Obscure preachers like us. Preachers who won’t be a Martin Luther. Maybe you preach as well as Martin Luther, not to say anything personal, but you very likely will not be a world-changing figure like Martin Luther. Yet you are a preacher like Simon and Jude. Although unlike them you were not blessed to see Jesus’ earthly ministry, his passion, death, and burial, His ascension and the coming of the Holy Spirit, as “those untimely born” we are those “blessed who do not see, and yet believe.” If we’re lucky, our names will be somewhere in a list at a church we served. And in a hundred years, people will only know our names. Just like Simon and Jude.

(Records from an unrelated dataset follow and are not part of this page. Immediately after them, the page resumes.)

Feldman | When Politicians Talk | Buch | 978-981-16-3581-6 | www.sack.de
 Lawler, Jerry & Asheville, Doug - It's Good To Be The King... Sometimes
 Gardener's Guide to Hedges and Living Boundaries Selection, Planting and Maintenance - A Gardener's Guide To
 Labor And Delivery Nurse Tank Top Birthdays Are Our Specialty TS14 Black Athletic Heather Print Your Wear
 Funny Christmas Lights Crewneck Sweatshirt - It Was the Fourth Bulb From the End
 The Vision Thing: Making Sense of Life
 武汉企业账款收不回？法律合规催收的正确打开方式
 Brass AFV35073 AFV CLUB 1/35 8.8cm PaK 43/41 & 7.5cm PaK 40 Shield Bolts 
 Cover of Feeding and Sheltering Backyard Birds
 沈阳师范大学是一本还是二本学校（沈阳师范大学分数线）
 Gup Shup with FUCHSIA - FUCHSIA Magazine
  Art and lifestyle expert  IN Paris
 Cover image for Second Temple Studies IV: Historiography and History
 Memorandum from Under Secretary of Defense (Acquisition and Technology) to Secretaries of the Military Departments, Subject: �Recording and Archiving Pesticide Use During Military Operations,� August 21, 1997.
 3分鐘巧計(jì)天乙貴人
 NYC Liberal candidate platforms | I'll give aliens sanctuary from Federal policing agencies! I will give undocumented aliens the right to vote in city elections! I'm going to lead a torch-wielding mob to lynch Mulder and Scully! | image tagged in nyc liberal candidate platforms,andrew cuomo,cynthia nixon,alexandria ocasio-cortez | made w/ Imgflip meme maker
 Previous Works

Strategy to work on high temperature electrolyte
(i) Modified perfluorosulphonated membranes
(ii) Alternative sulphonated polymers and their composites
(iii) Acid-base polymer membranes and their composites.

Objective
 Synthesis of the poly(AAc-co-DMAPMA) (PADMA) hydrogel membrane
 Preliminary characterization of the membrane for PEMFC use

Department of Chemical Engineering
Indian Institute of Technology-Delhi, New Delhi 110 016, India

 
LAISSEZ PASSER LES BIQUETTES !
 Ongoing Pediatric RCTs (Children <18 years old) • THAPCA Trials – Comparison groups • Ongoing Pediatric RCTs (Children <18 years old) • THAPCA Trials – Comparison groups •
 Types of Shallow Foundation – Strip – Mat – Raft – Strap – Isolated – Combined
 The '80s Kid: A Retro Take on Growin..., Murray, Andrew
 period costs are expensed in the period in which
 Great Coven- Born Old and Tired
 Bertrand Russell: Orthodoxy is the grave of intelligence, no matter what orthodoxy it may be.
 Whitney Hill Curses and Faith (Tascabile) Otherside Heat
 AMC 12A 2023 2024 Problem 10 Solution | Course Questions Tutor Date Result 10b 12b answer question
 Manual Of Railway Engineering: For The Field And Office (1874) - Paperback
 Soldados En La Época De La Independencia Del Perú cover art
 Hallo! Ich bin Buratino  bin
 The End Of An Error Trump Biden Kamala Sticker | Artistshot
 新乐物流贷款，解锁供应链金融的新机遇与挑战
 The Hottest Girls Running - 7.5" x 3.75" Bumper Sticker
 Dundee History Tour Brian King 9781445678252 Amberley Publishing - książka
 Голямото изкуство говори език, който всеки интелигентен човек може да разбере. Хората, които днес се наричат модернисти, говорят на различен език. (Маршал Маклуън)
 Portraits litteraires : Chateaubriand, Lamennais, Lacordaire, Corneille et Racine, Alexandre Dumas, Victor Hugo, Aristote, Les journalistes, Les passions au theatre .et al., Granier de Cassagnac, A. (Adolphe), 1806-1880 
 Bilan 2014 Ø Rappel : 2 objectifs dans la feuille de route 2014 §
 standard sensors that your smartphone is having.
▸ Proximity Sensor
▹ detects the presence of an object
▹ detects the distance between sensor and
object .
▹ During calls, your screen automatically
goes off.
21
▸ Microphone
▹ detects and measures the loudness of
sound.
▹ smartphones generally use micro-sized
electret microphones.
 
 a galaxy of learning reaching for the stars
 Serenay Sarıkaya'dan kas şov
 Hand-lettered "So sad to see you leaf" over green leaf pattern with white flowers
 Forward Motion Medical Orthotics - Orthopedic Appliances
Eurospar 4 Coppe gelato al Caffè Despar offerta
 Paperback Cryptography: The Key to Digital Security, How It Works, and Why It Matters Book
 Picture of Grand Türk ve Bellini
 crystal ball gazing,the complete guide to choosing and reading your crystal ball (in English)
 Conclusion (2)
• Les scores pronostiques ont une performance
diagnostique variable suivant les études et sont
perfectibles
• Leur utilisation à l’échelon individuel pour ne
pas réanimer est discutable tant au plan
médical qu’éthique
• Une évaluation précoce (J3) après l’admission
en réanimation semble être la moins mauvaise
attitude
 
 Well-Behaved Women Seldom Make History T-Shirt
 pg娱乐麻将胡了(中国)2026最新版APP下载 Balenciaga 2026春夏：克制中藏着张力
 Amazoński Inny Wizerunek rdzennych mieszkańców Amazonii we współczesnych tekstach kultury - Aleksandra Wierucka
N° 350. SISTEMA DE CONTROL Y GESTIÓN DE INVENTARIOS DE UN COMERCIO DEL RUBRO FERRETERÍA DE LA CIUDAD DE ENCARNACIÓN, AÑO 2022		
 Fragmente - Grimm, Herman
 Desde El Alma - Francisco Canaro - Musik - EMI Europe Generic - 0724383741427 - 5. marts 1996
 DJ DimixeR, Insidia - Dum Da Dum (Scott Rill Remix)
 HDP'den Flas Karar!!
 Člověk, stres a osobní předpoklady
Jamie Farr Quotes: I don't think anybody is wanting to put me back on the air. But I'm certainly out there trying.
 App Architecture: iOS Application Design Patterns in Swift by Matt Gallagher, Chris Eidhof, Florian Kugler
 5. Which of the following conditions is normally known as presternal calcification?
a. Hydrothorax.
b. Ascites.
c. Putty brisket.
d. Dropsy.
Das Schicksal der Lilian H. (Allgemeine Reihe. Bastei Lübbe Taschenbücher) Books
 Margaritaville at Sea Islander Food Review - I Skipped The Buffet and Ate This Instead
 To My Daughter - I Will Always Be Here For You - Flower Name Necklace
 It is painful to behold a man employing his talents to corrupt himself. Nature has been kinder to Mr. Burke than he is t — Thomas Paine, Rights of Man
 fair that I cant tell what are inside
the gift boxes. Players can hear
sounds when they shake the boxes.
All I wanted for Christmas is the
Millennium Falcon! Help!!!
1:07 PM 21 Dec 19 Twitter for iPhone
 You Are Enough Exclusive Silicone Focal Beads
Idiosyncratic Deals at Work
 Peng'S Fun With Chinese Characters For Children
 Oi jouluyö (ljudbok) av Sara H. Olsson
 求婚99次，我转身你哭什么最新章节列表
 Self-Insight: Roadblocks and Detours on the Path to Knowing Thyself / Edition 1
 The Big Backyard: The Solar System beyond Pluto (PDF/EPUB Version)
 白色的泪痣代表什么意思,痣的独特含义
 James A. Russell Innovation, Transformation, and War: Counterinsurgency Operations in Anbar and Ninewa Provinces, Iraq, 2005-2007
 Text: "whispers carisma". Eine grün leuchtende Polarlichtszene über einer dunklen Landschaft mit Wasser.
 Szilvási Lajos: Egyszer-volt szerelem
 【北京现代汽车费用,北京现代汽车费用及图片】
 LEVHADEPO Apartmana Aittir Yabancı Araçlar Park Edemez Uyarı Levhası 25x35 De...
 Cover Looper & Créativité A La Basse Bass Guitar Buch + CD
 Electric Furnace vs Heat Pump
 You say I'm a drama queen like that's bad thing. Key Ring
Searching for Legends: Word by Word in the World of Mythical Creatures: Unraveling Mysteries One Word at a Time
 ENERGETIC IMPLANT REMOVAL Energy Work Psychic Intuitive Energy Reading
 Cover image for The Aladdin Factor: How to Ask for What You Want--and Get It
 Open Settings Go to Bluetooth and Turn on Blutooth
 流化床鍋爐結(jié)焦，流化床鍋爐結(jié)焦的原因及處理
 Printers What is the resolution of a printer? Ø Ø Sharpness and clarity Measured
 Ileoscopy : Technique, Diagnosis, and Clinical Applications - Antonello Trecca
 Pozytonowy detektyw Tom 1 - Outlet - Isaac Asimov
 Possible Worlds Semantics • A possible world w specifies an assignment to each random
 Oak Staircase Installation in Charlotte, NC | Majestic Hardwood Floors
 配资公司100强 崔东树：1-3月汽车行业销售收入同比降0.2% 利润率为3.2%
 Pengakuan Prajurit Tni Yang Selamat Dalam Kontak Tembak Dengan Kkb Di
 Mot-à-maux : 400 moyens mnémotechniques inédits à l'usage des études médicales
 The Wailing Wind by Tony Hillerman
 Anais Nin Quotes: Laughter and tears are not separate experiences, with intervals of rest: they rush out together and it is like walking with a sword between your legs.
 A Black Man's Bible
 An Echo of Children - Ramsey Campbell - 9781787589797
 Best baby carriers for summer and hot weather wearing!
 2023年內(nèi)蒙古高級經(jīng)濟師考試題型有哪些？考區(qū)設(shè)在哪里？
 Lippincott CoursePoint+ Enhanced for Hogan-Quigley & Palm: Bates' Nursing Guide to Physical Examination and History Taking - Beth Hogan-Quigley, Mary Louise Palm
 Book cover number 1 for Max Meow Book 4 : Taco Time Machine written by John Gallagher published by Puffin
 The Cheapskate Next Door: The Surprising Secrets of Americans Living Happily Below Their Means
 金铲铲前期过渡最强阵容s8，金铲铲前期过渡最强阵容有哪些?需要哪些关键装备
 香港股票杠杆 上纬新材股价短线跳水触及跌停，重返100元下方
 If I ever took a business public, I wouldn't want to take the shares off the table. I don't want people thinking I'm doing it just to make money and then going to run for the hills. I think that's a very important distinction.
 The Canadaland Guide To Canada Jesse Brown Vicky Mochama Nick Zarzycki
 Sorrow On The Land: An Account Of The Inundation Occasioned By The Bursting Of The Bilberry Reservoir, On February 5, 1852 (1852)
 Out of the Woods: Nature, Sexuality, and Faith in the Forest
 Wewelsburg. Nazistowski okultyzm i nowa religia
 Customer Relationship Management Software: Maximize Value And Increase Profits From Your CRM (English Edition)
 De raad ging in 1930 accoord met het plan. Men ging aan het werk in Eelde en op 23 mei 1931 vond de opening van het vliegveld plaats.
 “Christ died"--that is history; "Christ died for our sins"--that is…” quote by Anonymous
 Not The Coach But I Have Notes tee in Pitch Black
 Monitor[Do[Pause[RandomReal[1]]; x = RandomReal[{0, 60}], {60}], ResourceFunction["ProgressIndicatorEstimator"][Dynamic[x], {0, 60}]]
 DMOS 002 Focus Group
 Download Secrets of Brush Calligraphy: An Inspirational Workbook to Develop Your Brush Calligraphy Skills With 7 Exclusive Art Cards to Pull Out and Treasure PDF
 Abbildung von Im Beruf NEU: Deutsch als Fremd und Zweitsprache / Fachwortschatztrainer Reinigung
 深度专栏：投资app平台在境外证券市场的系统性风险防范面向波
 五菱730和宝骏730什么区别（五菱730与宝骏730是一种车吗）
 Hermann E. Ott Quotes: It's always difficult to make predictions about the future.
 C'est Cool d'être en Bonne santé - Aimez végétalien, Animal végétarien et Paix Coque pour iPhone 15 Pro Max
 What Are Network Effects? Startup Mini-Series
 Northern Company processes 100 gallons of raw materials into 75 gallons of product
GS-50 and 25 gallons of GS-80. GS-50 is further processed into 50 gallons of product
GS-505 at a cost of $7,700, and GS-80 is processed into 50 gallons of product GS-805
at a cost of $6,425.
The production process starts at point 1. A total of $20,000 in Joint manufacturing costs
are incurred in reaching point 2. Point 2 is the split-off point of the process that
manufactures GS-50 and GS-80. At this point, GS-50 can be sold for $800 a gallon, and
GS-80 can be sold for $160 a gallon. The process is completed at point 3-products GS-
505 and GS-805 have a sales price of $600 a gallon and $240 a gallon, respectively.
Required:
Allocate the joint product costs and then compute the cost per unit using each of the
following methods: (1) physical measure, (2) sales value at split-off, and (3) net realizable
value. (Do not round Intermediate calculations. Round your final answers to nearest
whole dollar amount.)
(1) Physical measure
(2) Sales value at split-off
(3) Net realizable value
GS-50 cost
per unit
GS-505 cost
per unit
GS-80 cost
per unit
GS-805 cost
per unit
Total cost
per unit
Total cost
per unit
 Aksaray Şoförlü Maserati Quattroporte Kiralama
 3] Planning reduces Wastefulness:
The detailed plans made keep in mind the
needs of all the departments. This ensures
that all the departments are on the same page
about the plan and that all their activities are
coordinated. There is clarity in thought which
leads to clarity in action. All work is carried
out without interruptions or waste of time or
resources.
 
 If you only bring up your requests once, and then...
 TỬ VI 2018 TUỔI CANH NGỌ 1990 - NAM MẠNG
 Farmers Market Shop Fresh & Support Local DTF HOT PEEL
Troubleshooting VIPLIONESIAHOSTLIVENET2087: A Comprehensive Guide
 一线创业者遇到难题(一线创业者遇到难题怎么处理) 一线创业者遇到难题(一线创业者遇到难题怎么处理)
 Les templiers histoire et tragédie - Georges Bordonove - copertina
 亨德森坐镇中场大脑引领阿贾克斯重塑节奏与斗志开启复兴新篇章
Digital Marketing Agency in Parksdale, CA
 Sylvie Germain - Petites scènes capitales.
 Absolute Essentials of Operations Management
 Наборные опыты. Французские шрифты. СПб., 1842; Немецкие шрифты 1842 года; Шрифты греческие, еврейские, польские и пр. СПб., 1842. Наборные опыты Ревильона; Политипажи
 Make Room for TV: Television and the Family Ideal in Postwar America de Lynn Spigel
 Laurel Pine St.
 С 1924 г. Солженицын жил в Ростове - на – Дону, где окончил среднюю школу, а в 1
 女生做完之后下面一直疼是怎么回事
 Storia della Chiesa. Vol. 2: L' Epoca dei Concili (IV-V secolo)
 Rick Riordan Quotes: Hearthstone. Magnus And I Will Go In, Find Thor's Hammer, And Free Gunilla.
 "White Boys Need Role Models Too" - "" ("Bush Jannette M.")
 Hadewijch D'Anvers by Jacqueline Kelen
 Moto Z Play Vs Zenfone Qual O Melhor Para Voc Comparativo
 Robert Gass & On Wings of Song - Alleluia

Where Simon and Jude were sent to preach, and whom they were sent to preach to, isn’t our concern. That was for them. Some traditions say they were martyred casting demons out of a Zoroastrian temple in Persia. What they were sent to preach we already know: The same thing we preach – repentance and the forgiveness of sins in Jesus Christ. We know Jeremiah was sent to preach repentance and forgiveness as well.

Like Simon and Jude, Jeremiah was not to omit one word of the message he was to preach to the people. He was not to trim his message for fear of consequences from his hearers. He was to go to the place where the most people would hear and tell them to repent of their sin, and maybe God would relent from destroying their city and temple.

Jeremiah is a model in courage for we obscure preachers. He did not cut his message short to appear more winsome to his hearers. He did not avoid preaching to those who needed to hear it. He did not back down when confronted. As usual, the religious leadership, the priests and false prophets led the opposition to Jeremiah because he attacked their source of false assurance. God had given so many promises to Zion and the temple that there was no way in their minds He would let it be destroyed, no matter how they acted. They were God’s people, and this was the true place of worship – it was Jeremiah who was wrong! The Blessed Prophet Jeremiah did not back down. He doubled down on his message. Jeremiah did not care what happened to him, but he stressed that he spoke the words of God with the authority of God. Their quarrel was with God, not with him. If they chose to kill him, so be it, but that wasn’t going to help things with God.

Fortunately for Jeremiah, the laymen came in the nick of time to support him. Already condemned of blasphemy against the temple, he was saved by legal precedent.  Fortunately for us, that precedent would not later stop Christ from going to his death on the cross. Accused of blasphemy Himself, the chief priests and false prophets would destroy the temple of Jesus’ body. Yet Christ would raise that temple again in three days.

The message we preach is that there is no other temple than this in which one can be saved – not the bank, the capitol building, or any other place of self-made worship. We must break the idols of those we preach to, and many will find this very offensive. They did with Christ. If the traditions are true, they did so with Simon and Jude Thankfully we also preach to those like the laymen in Jeremiah’s day who recognize the words of God and the authority that comes with it.

Therefore, we can be obscure preachers, but courageous preachers – preaching the word of God without cutting out the offensive parts, never backing down, never resting on our own authority, but on the authority of the Word of God. Like Simon and Jude, maybe at best only our names will be known in a few decades, but God has called us where we are now because he needs us, in particular, as individuals, to preach His Gospel. We never know if we will be preserved like Jeremiah, or led to martyrdom like Simon and Jude, but abiding in Jesus Christ, we have already died and risen. Know that if the world hates you, it hated Christ first. A servant is not greater than his master. You have been called by name, and you name may not abide to fame in this world, but he fruit of your preaching will abide. For whatever you ask the Father in the name of Jesus will be given to you. Amen.
This sermon was preached for the matins service of Northern Illinois Confessional Lutherans on October 28, 2020.